[Opening SUPPLIED DATA section]

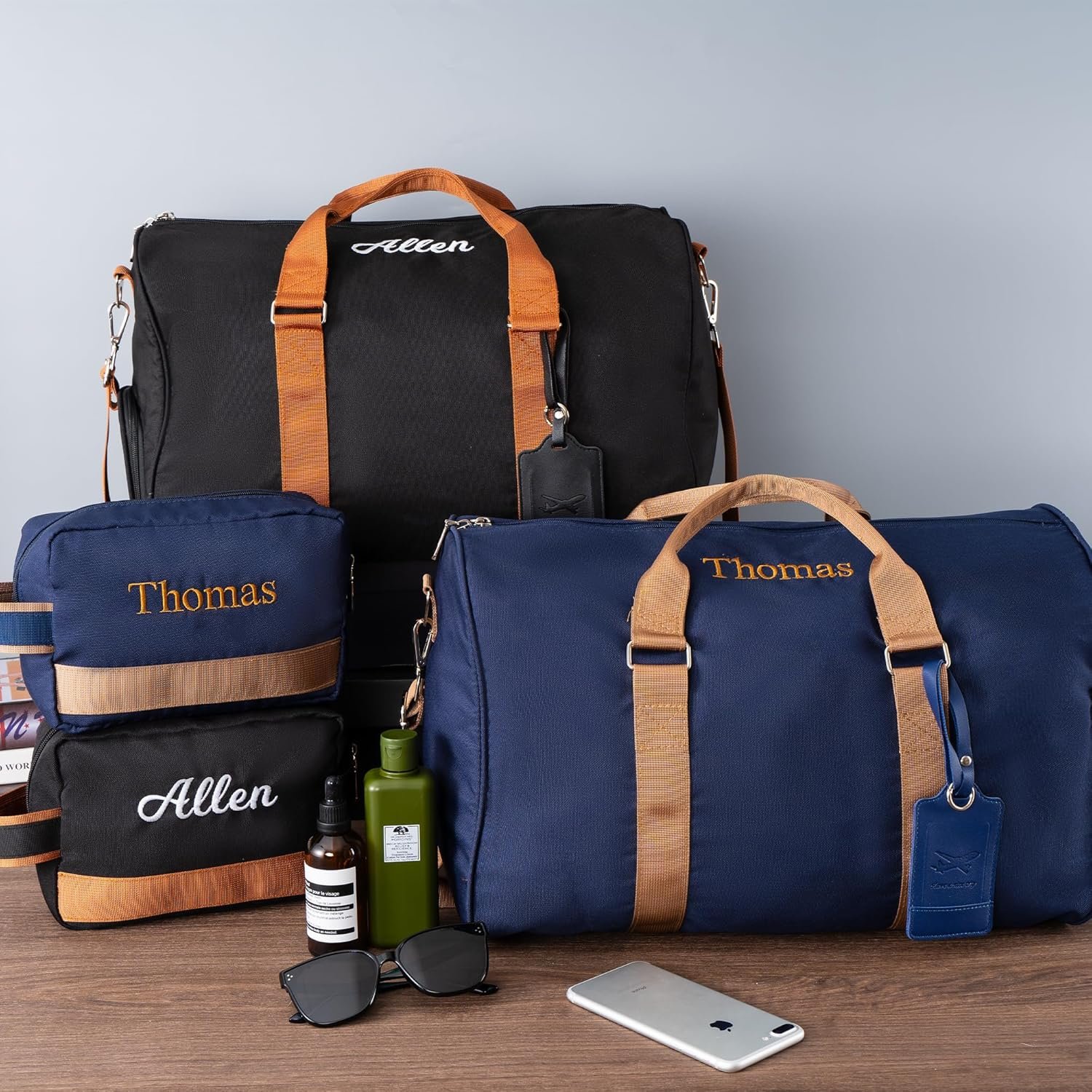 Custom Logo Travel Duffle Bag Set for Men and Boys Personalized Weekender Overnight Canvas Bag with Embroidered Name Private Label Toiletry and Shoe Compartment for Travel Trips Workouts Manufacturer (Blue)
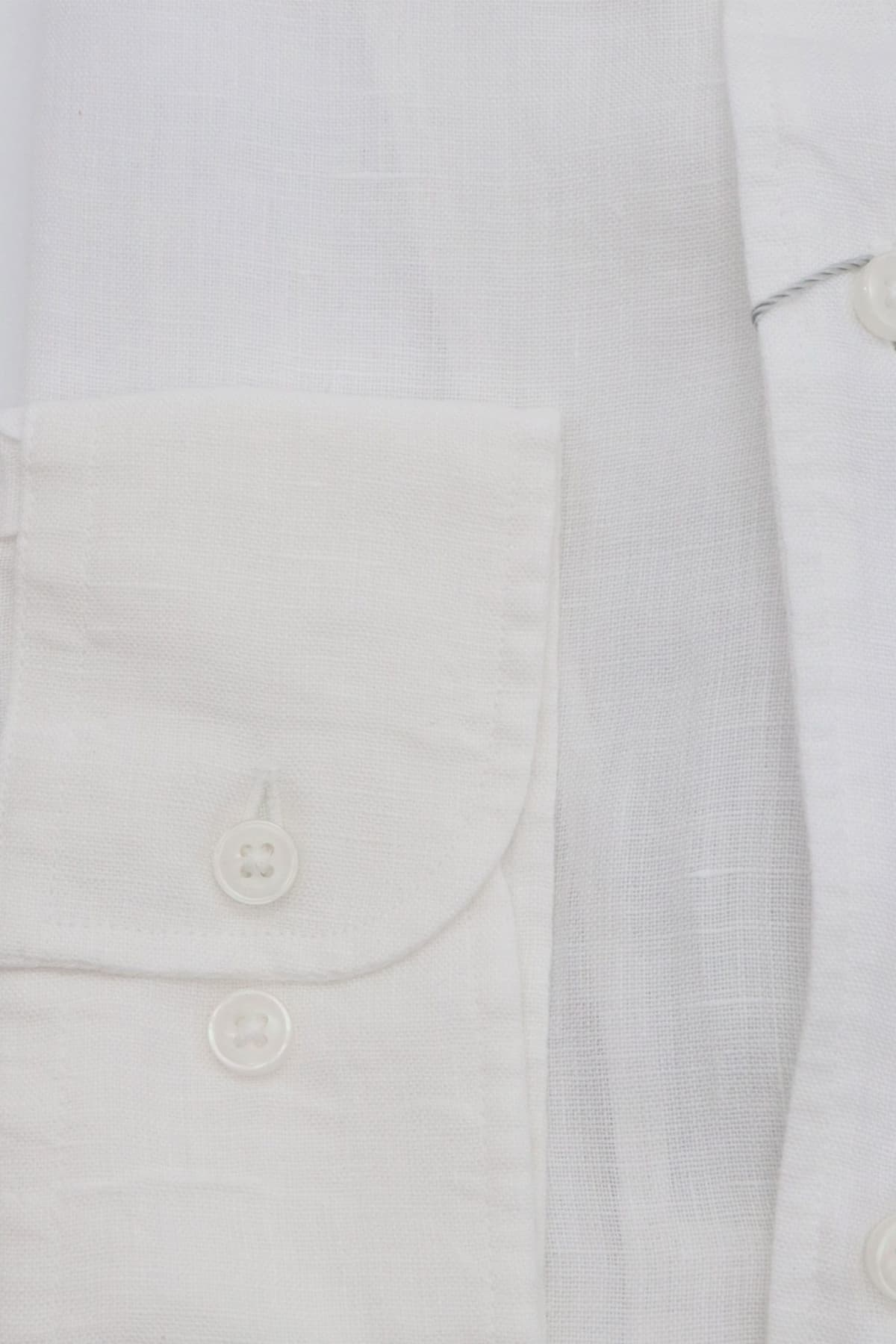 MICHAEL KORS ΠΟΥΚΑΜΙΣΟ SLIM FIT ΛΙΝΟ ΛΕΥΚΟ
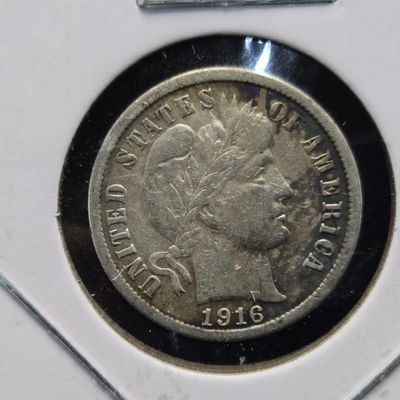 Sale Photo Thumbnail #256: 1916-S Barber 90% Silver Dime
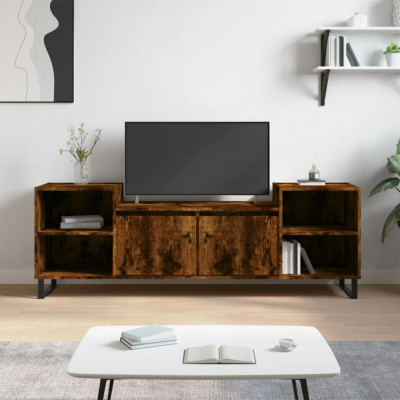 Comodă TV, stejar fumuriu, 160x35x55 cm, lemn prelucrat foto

[Closing SUPPLIED DATA section]

*YOUR TASK:* Reproduce the listing above from the line that contains "MICHAEL KORS ΠΟΥΚΑΜΙΣΟ SLIM FIT ΛΙΝΟ ΛΕΥΚΟ" through its final line, exactly and with nothing added. Omit the images.

*RESULT OF THE TASK:*
 MICHAEL KORS ΠΟΥΚΑΜΙΣΟ SLIM FIT ΛΙΝΟ ΛΕΥΚΟ
 Sale Photo Thumbnail #256: 1916-S Barber 90% Silver Dime
 Comodă TV, stejar fumuriu, 160x35x55 cm, lemn prelucrat foto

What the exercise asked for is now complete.